Catch 22: The complicated sociopolitics of plastic surgery



The concept of ‘growing old gracefully’ is something that most of us happily aspire to. However, the media’s oversaturation of bodily ideals is fuelling a worldwide beauty addiction, spearheaded by the billion dollar plastic surgery industry.

Women in the public eye who have, or are suspected to have had, plastic surgery are often shamed for doing so by the media and certain members of the public. But when the idea of perfection is sold to us left right and centre by adverts, magazines, and movies, can we really blame those who strive for physical perfection; artificial or otherwise?

The media are to blame for a culture of plastic surgery shaming

Shaming those in the public eye for having plastic surgery is nothing new. A-Listers from Renee Zellweger to Lana Del Rey have become unfortunate victims of media speculation.
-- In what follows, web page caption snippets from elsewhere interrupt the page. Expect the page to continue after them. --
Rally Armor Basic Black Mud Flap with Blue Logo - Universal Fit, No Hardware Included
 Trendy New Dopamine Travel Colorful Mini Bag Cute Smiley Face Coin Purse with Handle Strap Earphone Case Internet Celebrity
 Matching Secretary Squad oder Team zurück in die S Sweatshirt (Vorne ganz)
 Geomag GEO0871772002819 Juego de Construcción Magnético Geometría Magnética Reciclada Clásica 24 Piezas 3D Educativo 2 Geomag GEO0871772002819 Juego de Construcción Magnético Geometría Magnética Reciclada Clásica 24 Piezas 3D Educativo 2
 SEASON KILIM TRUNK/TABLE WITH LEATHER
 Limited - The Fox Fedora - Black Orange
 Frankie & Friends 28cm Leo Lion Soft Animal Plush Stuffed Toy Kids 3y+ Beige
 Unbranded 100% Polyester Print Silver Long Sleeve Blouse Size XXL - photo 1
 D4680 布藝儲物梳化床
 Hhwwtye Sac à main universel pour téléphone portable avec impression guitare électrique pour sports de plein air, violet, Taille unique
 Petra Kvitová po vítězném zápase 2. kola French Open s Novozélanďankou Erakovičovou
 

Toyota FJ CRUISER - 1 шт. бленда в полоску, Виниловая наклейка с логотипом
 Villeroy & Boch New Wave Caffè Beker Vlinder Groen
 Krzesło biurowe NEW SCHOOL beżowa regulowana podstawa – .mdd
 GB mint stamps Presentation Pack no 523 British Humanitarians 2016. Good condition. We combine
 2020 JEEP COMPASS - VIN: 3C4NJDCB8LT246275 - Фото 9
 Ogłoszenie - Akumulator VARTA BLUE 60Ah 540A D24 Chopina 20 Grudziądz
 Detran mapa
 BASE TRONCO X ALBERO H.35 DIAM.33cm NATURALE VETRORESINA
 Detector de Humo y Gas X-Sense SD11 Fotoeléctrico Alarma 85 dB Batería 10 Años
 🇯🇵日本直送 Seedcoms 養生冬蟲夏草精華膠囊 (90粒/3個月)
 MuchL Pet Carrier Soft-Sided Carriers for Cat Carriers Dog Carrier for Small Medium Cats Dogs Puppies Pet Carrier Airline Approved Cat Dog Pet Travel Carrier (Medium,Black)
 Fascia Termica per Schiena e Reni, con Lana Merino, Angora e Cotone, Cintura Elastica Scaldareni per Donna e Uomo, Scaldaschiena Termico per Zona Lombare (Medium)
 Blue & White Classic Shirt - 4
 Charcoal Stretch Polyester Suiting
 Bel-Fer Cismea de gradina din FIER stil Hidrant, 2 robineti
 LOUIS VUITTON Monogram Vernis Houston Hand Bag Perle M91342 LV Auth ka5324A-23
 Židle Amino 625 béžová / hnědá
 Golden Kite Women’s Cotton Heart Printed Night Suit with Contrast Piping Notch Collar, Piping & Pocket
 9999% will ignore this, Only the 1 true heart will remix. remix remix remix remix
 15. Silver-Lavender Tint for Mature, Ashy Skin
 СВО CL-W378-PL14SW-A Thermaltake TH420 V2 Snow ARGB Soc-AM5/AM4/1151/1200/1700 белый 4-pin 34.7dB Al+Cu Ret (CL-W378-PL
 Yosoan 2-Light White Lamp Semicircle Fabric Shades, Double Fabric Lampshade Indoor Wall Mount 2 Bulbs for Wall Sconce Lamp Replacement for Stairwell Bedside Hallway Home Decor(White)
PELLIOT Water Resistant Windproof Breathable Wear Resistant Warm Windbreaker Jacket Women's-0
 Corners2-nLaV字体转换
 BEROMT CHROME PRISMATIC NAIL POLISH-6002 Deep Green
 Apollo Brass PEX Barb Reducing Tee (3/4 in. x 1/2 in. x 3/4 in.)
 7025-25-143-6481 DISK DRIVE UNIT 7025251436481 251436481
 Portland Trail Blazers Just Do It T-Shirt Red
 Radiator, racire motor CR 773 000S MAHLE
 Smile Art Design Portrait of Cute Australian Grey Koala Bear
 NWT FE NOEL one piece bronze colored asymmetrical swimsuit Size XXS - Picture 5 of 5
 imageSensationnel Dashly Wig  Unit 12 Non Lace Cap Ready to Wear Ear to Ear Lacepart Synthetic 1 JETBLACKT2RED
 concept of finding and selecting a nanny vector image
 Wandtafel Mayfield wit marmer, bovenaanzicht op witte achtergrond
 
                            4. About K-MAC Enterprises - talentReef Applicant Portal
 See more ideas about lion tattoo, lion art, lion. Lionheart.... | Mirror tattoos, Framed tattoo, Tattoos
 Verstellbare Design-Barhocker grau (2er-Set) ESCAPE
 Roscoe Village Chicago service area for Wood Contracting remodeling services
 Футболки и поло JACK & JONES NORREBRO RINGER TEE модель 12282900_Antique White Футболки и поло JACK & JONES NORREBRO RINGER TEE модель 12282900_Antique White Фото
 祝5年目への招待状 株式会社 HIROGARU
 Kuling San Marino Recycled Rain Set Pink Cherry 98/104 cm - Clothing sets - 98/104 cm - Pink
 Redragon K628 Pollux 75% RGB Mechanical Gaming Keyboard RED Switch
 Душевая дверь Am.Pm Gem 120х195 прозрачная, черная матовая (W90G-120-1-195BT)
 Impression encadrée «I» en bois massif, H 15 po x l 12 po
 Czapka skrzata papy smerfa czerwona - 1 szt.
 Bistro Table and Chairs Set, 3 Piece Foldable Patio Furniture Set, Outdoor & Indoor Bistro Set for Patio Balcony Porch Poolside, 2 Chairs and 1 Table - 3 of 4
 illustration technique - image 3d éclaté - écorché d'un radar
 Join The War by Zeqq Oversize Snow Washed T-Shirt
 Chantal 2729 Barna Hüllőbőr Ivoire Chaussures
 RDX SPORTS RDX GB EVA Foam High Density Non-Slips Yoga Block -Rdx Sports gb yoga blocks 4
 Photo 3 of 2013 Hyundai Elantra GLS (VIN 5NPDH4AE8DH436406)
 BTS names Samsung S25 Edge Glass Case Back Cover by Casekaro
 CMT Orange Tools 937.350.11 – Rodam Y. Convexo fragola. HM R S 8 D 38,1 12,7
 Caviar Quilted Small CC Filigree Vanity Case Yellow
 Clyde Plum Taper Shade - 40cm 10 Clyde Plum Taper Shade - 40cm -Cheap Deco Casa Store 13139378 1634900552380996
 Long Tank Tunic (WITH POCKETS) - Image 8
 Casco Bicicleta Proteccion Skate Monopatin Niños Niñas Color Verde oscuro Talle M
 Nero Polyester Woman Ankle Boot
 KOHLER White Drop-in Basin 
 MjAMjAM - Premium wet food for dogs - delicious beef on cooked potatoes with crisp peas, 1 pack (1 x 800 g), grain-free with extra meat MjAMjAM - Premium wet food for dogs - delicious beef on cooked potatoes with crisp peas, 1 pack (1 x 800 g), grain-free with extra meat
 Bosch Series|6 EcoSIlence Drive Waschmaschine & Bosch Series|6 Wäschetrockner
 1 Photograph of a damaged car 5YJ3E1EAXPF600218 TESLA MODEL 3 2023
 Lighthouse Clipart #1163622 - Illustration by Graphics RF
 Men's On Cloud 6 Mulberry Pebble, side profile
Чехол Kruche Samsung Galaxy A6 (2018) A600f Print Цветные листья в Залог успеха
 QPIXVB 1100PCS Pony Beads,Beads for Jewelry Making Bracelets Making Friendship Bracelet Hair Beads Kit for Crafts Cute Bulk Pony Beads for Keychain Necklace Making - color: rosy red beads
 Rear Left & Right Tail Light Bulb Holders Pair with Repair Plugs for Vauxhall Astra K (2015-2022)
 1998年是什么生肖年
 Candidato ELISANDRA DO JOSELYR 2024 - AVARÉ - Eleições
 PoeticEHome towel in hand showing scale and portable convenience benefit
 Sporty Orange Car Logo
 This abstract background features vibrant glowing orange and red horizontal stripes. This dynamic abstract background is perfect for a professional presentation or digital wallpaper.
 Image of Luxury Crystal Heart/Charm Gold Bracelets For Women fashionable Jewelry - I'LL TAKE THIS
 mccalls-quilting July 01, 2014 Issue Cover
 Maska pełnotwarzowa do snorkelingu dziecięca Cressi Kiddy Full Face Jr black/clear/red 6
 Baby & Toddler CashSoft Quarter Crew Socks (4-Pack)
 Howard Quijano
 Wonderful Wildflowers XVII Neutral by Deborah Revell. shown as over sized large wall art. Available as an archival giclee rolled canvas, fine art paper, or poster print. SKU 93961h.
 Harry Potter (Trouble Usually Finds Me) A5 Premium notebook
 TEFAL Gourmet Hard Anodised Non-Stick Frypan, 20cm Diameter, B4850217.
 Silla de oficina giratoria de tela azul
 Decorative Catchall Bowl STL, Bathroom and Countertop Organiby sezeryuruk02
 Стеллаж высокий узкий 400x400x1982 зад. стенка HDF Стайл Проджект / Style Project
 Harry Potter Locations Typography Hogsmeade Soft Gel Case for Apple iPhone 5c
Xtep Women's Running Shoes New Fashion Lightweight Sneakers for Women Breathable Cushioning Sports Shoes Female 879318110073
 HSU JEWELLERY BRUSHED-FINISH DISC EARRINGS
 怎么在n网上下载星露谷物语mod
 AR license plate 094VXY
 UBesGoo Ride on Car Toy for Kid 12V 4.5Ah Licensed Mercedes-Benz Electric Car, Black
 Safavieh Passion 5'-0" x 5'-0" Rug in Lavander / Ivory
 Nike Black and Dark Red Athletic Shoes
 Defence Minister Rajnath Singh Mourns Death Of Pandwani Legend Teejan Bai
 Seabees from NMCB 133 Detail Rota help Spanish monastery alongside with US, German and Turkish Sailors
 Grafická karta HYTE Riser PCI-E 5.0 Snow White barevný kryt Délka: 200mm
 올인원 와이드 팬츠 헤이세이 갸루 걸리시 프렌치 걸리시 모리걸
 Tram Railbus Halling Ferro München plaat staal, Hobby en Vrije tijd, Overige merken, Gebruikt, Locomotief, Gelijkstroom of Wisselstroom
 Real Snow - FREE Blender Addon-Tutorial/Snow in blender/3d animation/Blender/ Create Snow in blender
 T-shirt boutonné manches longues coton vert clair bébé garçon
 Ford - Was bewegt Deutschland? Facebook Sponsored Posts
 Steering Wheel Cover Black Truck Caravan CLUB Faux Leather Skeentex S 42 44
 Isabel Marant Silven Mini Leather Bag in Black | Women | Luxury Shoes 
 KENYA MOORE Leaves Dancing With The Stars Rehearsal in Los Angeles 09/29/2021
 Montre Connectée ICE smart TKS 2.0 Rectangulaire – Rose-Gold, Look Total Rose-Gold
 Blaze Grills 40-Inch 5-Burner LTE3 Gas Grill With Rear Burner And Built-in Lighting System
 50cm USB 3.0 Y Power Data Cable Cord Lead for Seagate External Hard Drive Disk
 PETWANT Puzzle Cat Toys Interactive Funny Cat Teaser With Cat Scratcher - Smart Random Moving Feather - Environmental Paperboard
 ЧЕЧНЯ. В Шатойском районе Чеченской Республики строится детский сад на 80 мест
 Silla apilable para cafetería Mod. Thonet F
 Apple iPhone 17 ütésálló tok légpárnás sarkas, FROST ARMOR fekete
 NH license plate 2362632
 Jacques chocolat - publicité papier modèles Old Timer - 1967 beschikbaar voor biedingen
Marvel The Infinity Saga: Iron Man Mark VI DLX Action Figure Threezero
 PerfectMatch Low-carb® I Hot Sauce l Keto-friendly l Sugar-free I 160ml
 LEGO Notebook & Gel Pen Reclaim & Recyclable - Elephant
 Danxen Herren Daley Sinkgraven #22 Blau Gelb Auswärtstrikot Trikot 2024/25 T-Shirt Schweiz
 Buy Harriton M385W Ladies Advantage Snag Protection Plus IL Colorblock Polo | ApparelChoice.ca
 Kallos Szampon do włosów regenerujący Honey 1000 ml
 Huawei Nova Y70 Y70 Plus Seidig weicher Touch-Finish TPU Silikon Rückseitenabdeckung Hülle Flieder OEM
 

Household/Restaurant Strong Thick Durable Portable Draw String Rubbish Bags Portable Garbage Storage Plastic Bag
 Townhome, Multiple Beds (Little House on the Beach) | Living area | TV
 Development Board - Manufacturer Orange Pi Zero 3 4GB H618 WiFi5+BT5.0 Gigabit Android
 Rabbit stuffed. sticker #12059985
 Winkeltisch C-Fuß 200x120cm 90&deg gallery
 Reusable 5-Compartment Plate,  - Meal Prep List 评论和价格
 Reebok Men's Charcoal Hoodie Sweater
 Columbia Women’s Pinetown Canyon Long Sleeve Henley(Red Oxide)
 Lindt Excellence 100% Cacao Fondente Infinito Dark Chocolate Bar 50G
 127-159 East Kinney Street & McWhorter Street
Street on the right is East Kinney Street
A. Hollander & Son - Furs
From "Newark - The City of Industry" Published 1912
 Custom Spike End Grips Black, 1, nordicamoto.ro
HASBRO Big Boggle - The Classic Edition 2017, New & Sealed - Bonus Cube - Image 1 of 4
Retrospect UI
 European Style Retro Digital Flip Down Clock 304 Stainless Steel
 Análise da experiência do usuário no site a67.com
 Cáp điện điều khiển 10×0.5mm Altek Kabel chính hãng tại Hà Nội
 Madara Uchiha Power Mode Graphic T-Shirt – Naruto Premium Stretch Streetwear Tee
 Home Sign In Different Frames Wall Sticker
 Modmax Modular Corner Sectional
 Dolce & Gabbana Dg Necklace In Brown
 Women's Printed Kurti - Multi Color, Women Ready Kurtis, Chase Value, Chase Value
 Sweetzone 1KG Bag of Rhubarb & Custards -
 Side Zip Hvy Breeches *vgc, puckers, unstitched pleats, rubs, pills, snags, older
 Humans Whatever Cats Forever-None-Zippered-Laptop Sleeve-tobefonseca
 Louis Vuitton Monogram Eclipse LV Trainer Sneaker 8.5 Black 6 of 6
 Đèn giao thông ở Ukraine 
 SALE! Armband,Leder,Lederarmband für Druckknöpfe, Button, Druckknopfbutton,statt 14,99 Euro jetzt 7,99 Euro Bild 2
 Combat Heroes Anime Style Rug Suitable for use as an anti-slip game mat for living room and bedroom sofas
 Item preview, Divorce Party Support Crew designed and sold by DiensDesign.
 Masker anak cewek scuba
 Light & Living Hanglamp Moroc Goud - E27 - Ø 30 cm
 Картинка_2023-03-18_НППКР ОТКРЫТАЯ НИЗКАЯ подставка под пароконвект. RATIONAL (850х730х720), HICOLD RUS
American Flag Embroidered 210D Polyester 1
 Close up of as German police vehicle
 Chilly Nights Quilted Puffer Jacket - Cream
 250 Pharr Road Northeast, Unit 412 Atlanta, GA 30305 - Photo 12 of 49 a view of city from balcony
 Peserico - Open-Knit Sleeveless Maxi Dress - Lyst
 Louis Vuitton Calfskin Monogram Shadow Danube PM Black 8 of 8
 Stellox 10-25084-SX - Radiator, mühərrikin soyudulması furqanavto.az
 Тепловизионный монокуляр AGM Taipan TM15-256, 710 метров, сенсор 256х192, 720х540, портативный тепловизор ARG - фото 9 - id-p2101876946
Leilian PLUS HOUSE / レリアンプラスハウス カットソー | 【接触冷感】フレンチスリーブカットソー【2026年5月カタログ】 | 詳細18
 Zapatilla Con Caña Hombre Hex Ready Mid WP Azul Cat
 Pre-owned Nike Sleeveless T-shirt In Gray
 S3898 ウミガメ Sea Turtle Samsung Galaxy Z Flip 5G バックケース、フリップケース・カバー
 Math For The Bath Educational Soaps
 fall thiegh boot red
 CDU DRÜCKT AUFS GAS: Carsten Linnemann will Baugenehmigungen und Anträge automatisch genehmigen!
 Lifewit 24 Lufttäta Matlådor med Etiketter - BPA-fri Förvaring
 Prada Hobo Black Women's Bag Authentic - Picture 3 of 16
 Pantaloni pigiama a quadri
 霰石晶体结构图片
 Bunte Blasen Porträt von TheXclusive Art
The former endured a great deal of sexist critique and skepticism surrounding a now infamous appearance at Elle’s Women in Hollywood party in 2014. Having been out of the public eye for a couple of years, Zellweger emerged with a startling new look. Of course, the media latched onto this claiming surgery must be to blame.

Zellweger’s Bridget Jones co-star, Patrick Dempsey, leapt to her defense, claiming “she should not have to face such scrutiny.” Rose McGowan also came to her defense, penning an article for The Hollywood Reporter damning one particular article as “vile, damaging, stupid and cruel.”

It’s true. Regardless of whether someone has had work done or not, people have a right to their privacy just as they would with other medical procedures. You don’t see many articles out there debating whether or not Lana Del Rey has had her tonsils removed, but articles about whether or not she’s had botox or lip fillers abound.

Ageism in Hollywood is adding fuel to the fire

Even if Zellweger did get a facelift, aside from the fact that it’s none of our business, speculating as to if and why they would do such a thing is a waste of time. The answer is obvious; social and professional pressure.

Maggie Gyllenhaal was recently told by producers that, at 37, she was “too old” to play the romantic interest of a 55-year-old man. If the pressures in the business to be young and beautiful are so intense that an actress must be at least over 20 years her male co-star’s junior to be considered for a part, then what choice does an actress have other than to look as young as possible for as long as possible?

This is not a unique phenomenon – over a third of Hollywood films feature a male actor who is ten (or more) years older than their female co-stars. This hasn’t gone unnoticed. Dame Helen Mirren described ageism in Hollywood as “outrageous”, while Liv Tyler said that at her age (40), “you’re usually playing the wife or the girlfriend, a sort of second class citizen.”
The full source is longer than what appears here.